* What is needed
Every record must appear in your copy exactly as written, with no pictures.

Captioned web image data:

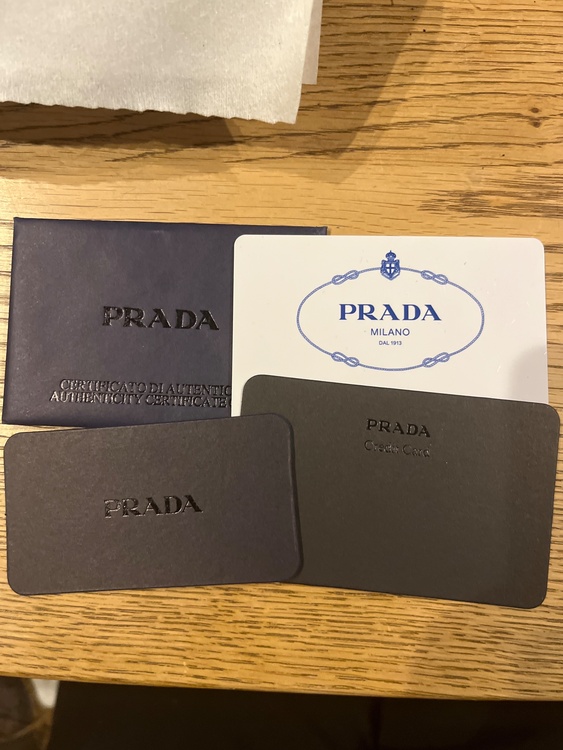 プラダ  （ブランドバッグ）の商品画像 - 査定依頼日：2026年1月9日 - 最高査定価格：33,000円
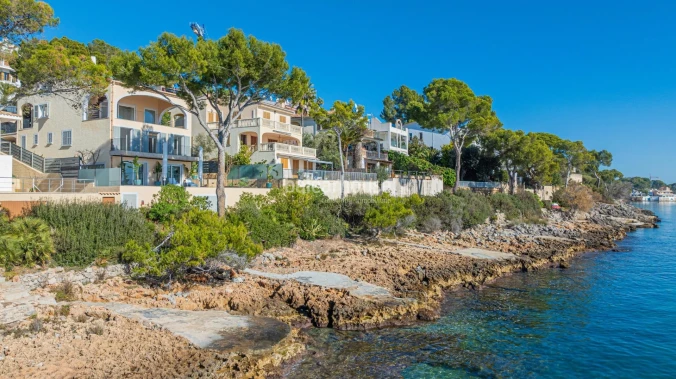 Stunning views and direct access to the sea from this excellent Mediterranean villa in Alcudia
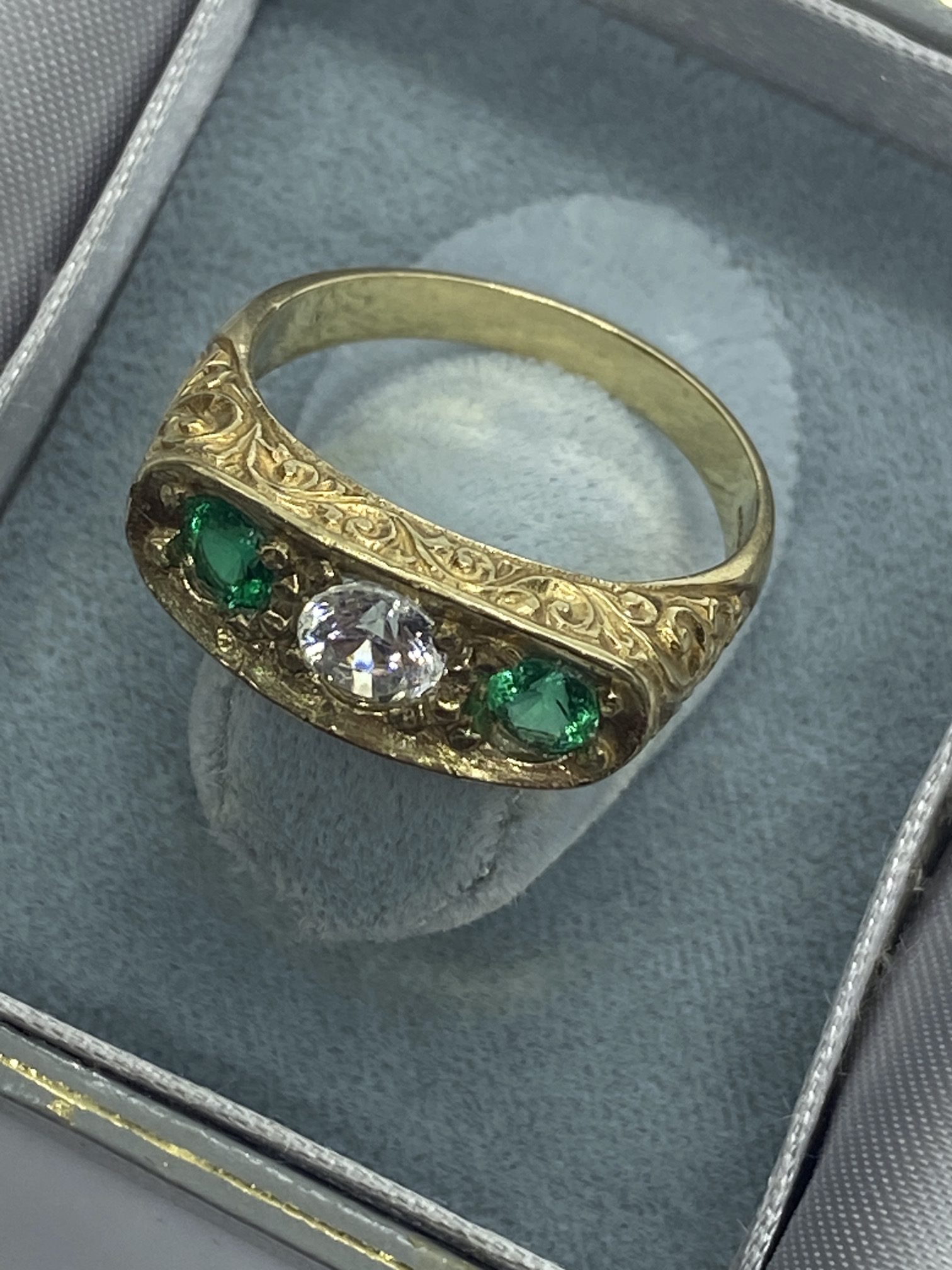 GENTS GREEN & WHITE STONE 9ct GOLD RING  - Image 2 of 3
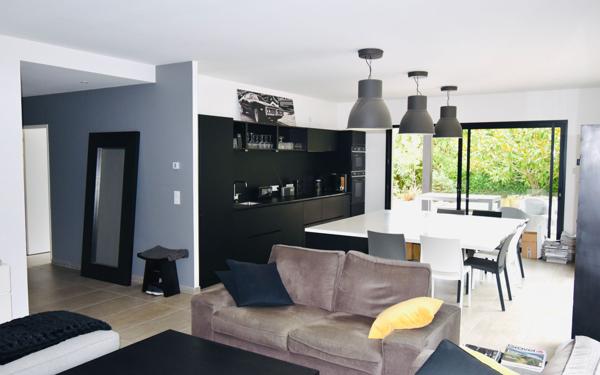 Maison à vendre    5 pièces •  Seignosse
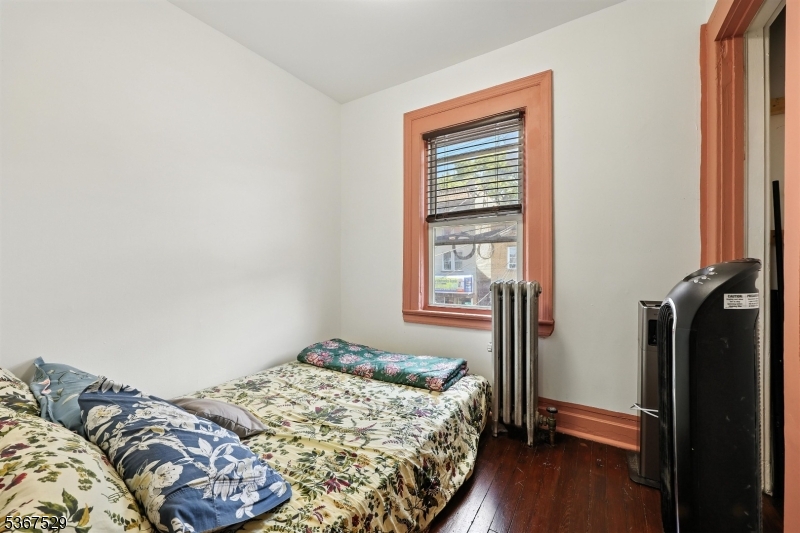 885 Stuyvesant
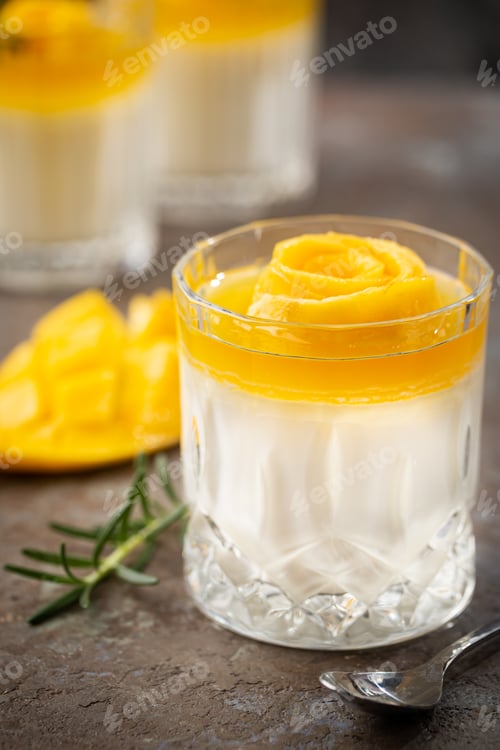 Preview: panna cotta with mango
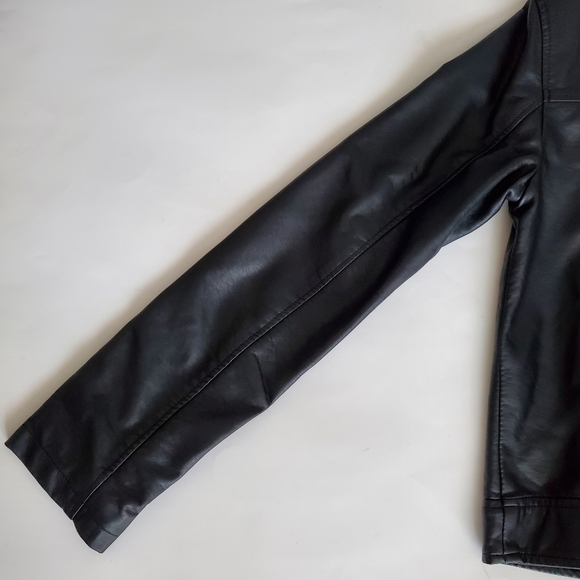 Forever 21 Faux Leather Zip Up Jacket, Black, M - Picture 7 of 9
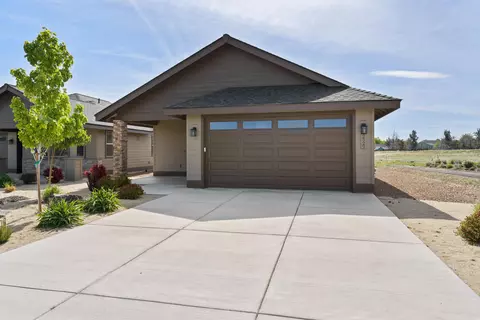 2522 NW Redwood Cir, Redmond, OR 97756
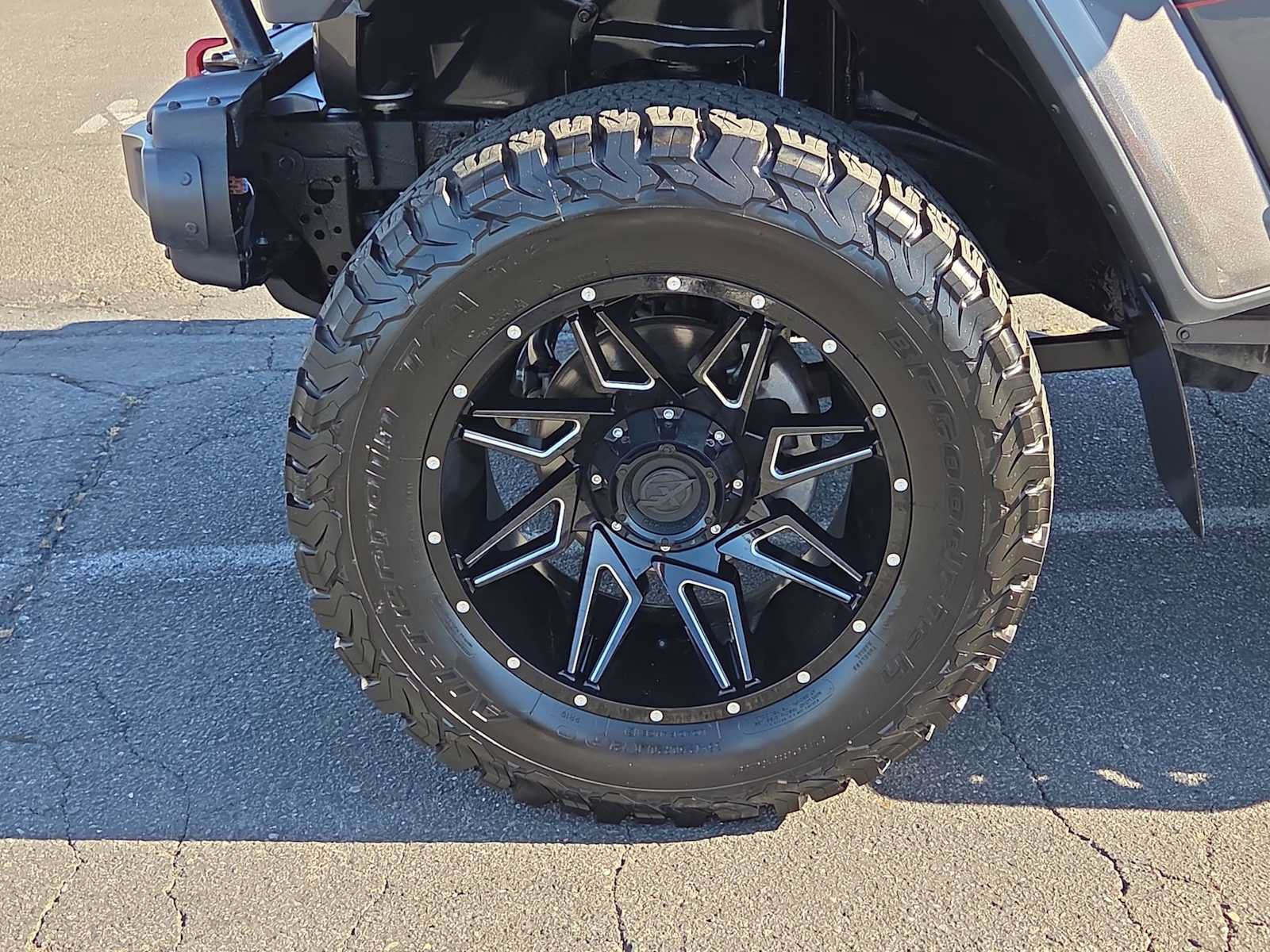 Used 2021 Jeep Wrangler Unlimited Rubicon w/ Uconnect 4C Nav & Sound Group AWD/4WD image 16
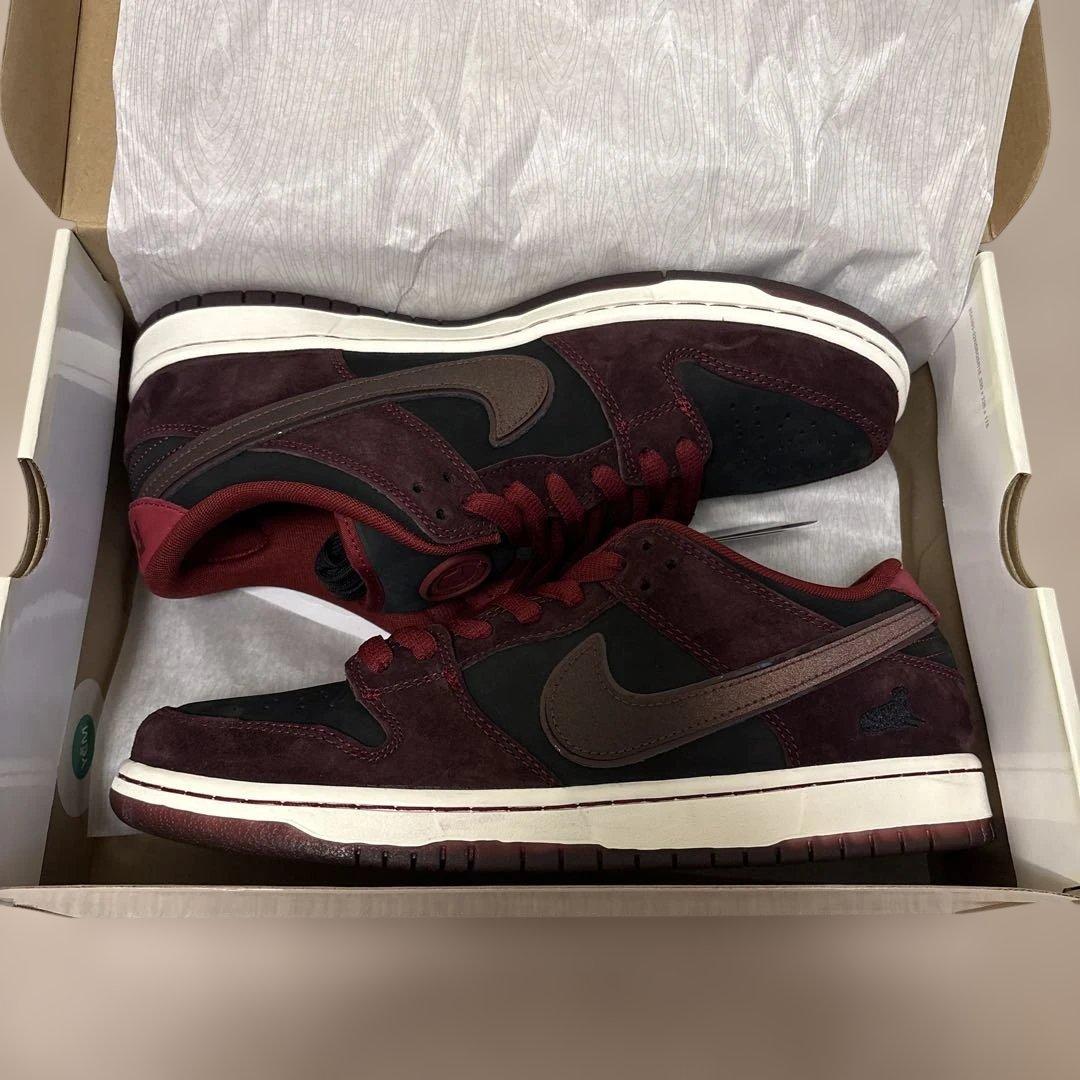 スケートボード Nike SB Dunk Low Pro Riot Skateshop QS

* Exercise answer
 プラダ  （ブランドバッグ）の商品画像 - 査定依頼日：2026年1月9日 - 最高査定価格：33,000円
 Stunning views and direct access to the sea from this excellent Mediterranean villa in Alcudia
 GENTS GREEN & WHITE STONE 9ct GOLD RING  - Image 2 of 3
 Maison à vendre    5 pièces •  Seignosse
 885 Stuyvesant
 Preview: panna cotta with mango
 Forever 21 Faux Leather Zip Up Jacket, Black, M - Picture 7 of 9
 2522 NW Redwood Cir, Redmond, OR 97756
 Used 2021 Jeep Wrangler Unlimited Rubicon w/ Uconnect 4C Nav & Sound Group AWD/4WD image 16
 スケートボード Nike SB Dunk Low Pro Riot Skateshop QS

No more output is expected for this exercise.